Tagging Text with Lexical Semantics: Why, What, and How?

http://www.ims.uni-stuttgart.de/~light/tueb_html/semtag_ws.html

In Washington, D.C., USA

Sponsored by Association for Computational Linguistics.
Endorsed by SIGLEX.

The general topic of this volume is tagging word tokens with lexical semantic information. The first six papers discuss what information should be tagged and how human tagging (hand-tagging) can be performed so as to maximize accuracy. Hand-tagging is important because it can be used to create standard corpora on which to train and evaluate automated methods for tagging lexical semantic information. The next seven papers concentrate on such automated methods. Automatic tagging should prove useful in a variety of areas including machine translation, information retrieval, information extraction, and dialog understanding.

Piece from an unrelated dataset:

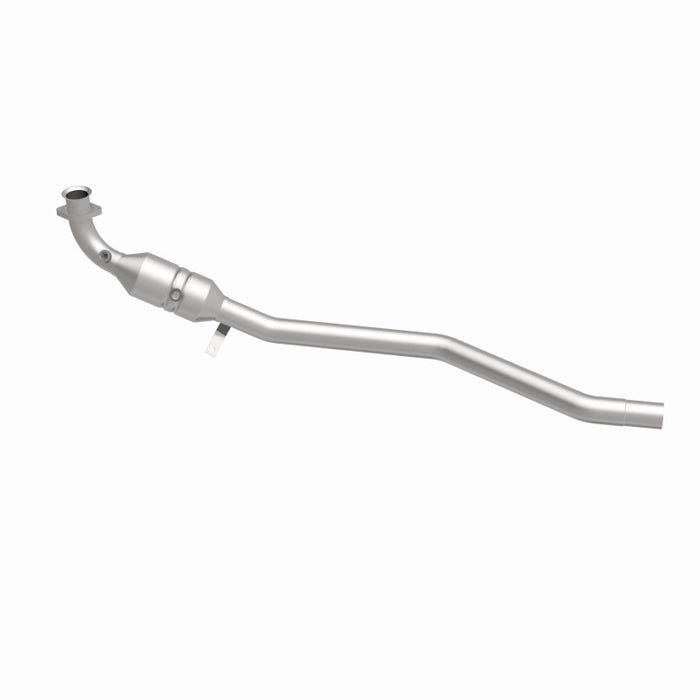 MagnaFlow Direct Fit Catalytic Converter 06-09 ML350 3.5L ps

Although the general topic is tagging lexical semantic information, the majority of the papers concentrate on a more specific problem: word sense disambiguation. However, particular word senses often entail general lexical semantic information. For example, if the sense of bank used refers to something that lies along a river, then one knows that it is a natural formation, inanimate, etc. Consider also the verb bounce which in “she bounced a check” is a telic and in “she bounced a ball” is an activity. Such entailments are especially transparent when using a structured lexicon such as WordNet, which is the case for many of the papers in the volume.